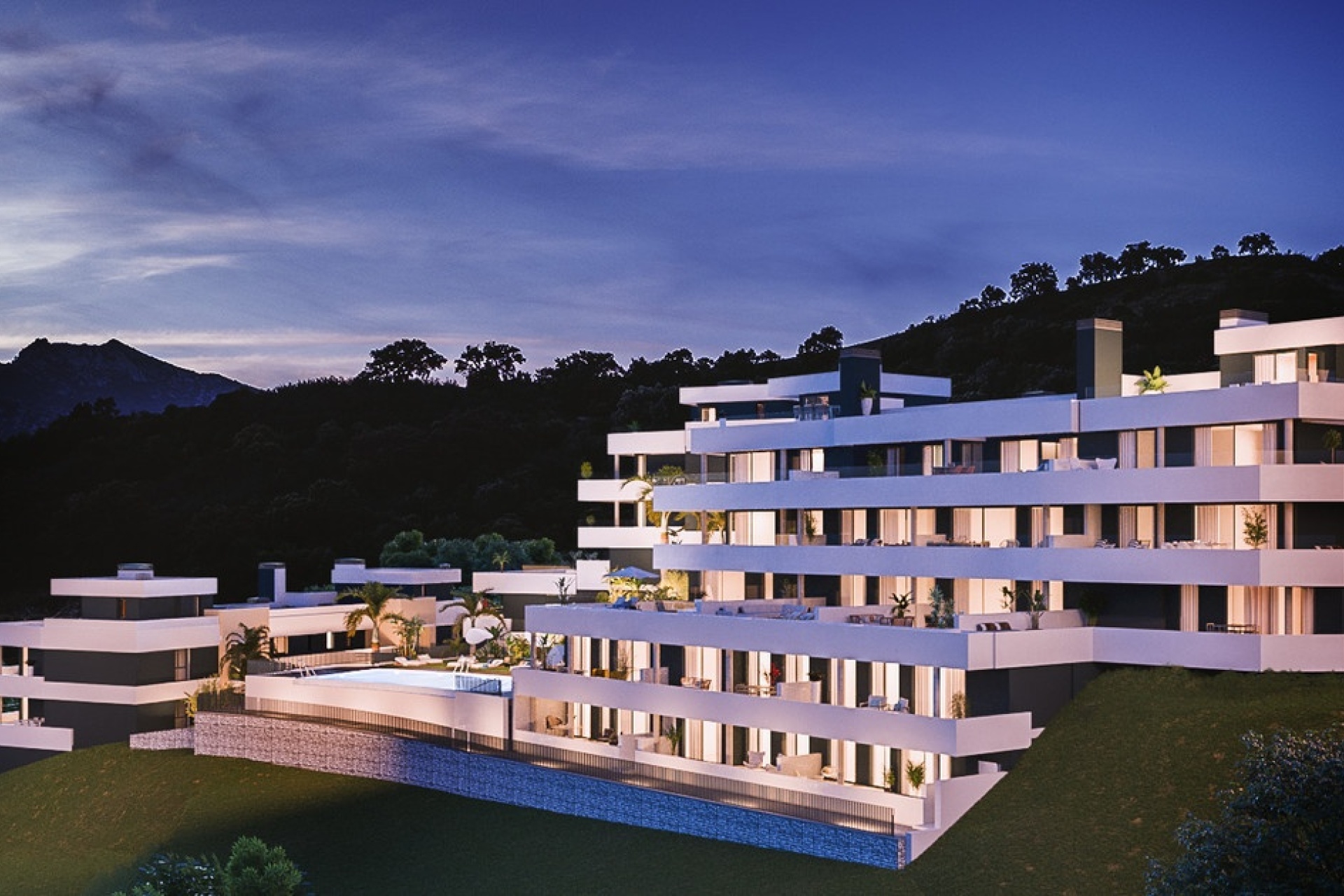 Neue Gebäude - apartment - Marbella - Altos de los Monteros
---
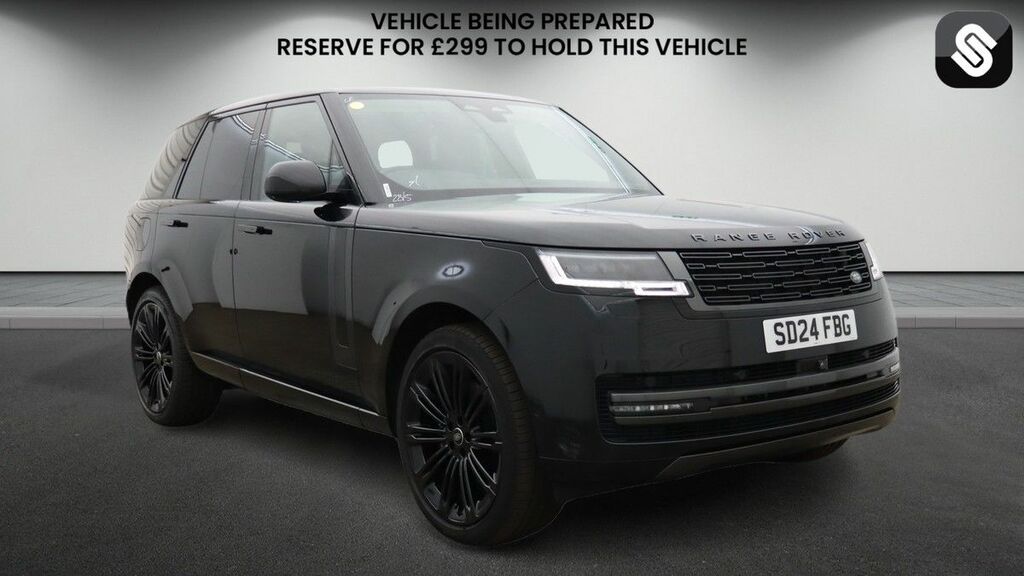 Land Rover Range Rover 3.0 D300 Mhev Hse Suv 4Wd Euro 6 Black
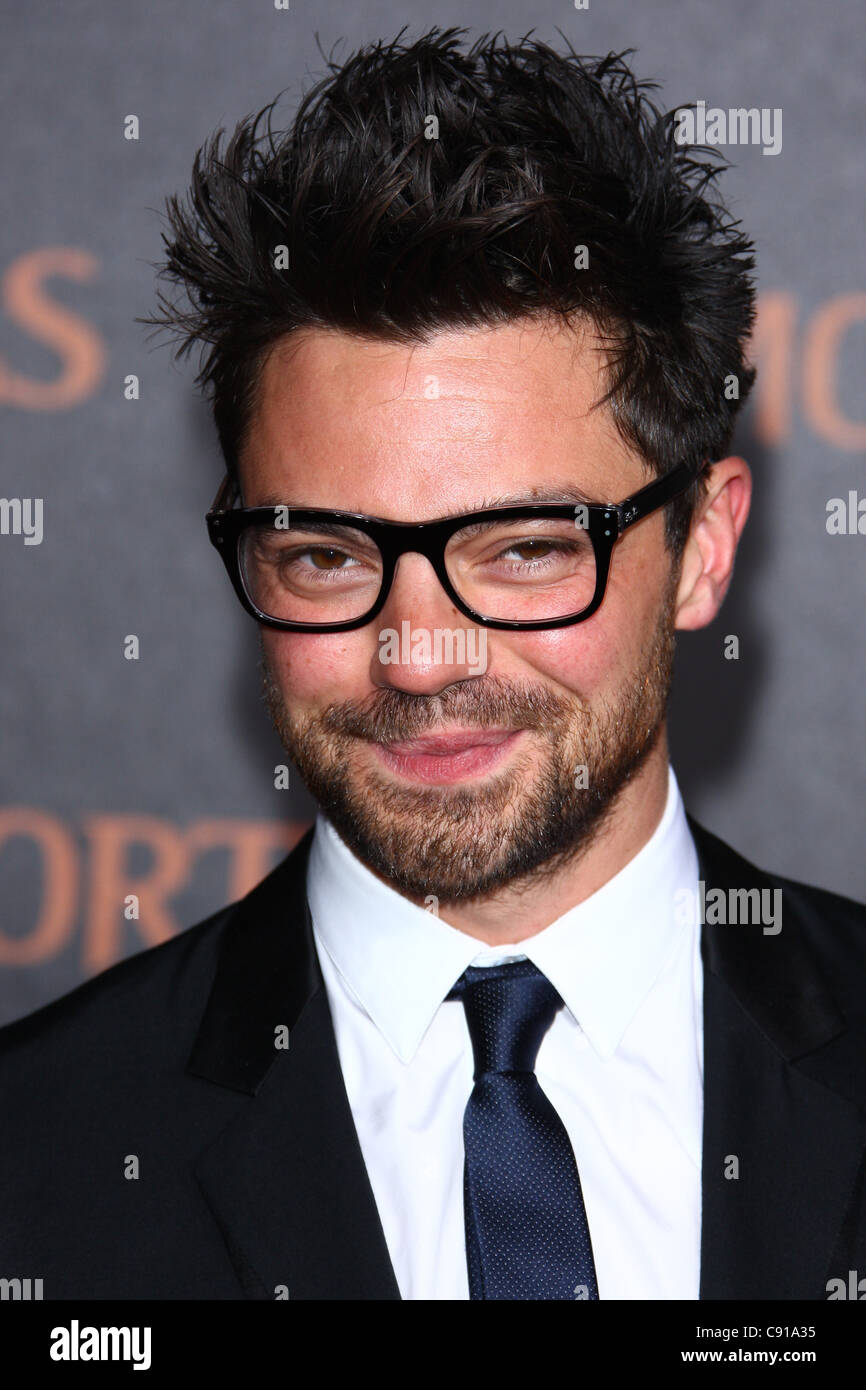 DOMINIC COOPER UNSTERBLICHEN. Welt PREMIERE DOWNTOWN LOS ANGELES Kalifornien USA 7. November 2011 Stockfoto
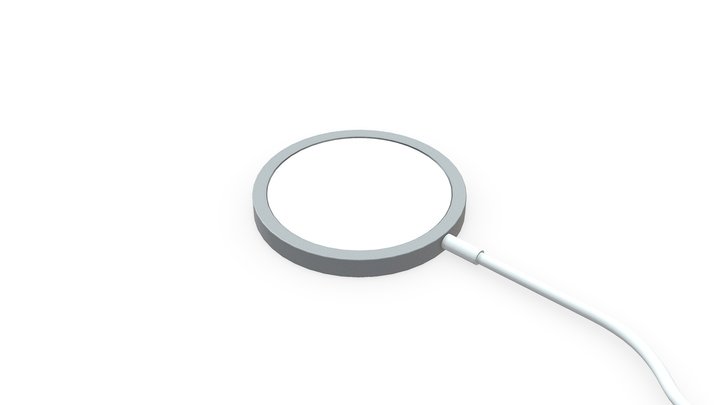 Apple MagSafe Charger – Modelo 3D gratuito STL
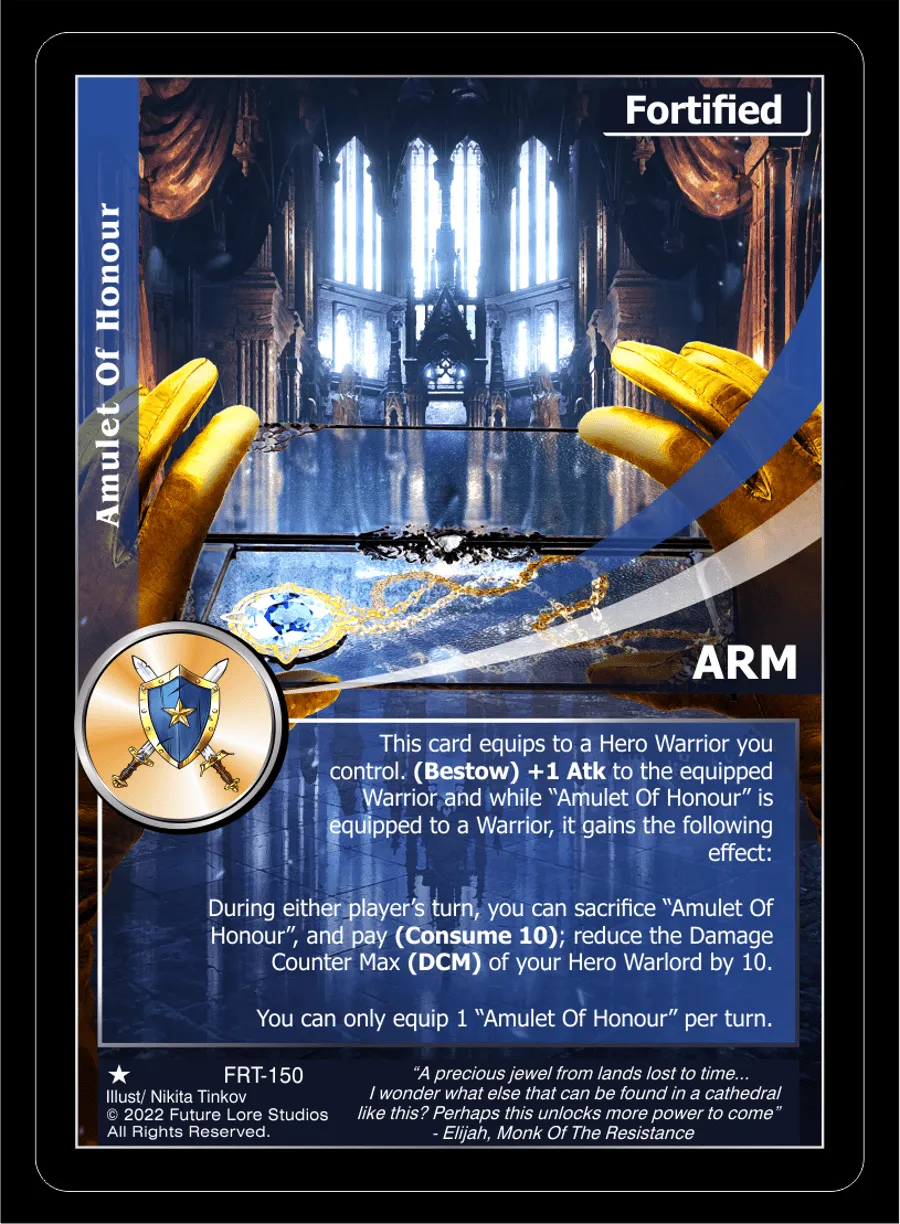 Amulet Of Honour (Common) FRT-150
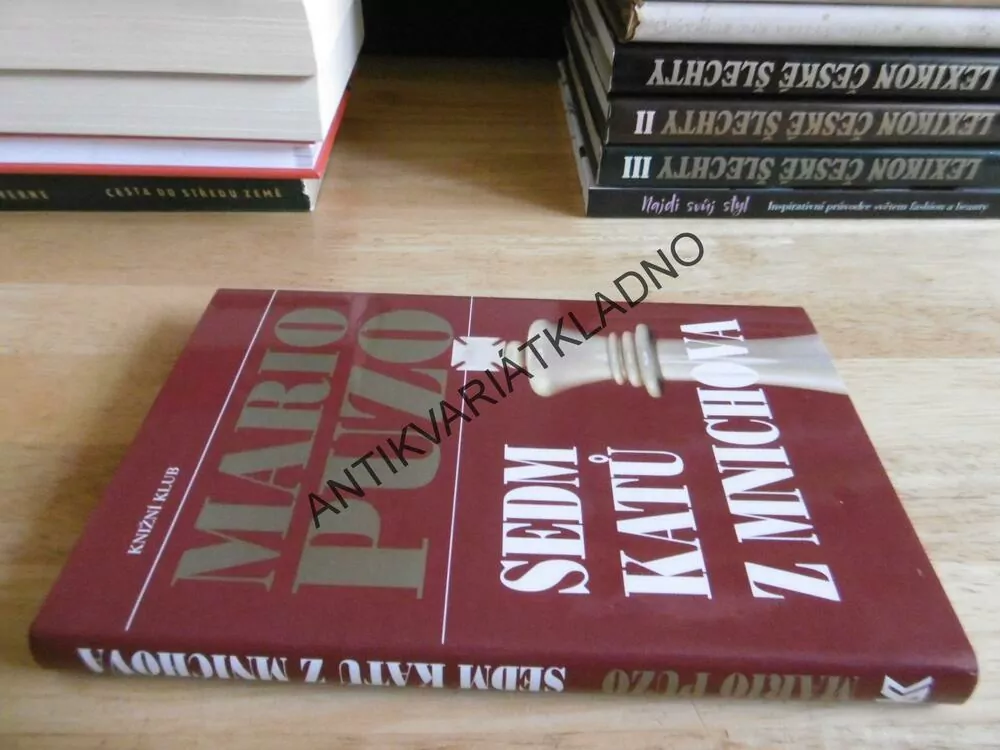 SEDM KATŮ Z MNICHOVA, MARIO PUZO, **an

What the task requires:
Take the material above from the line bearing "Amulet Of Honour (Common) FRT-150" through the line bearing "SEDM KATŮ Z MNICHOVA, MARIO PUZO, **an" and write it out exactly, both end lines included. Pictures stay out.

Solution to this exercise:
 Amulet Of Honour (Common) FRT-150
 SEDM KATŮ Z MNICHOVA, MARIO PUZO, **an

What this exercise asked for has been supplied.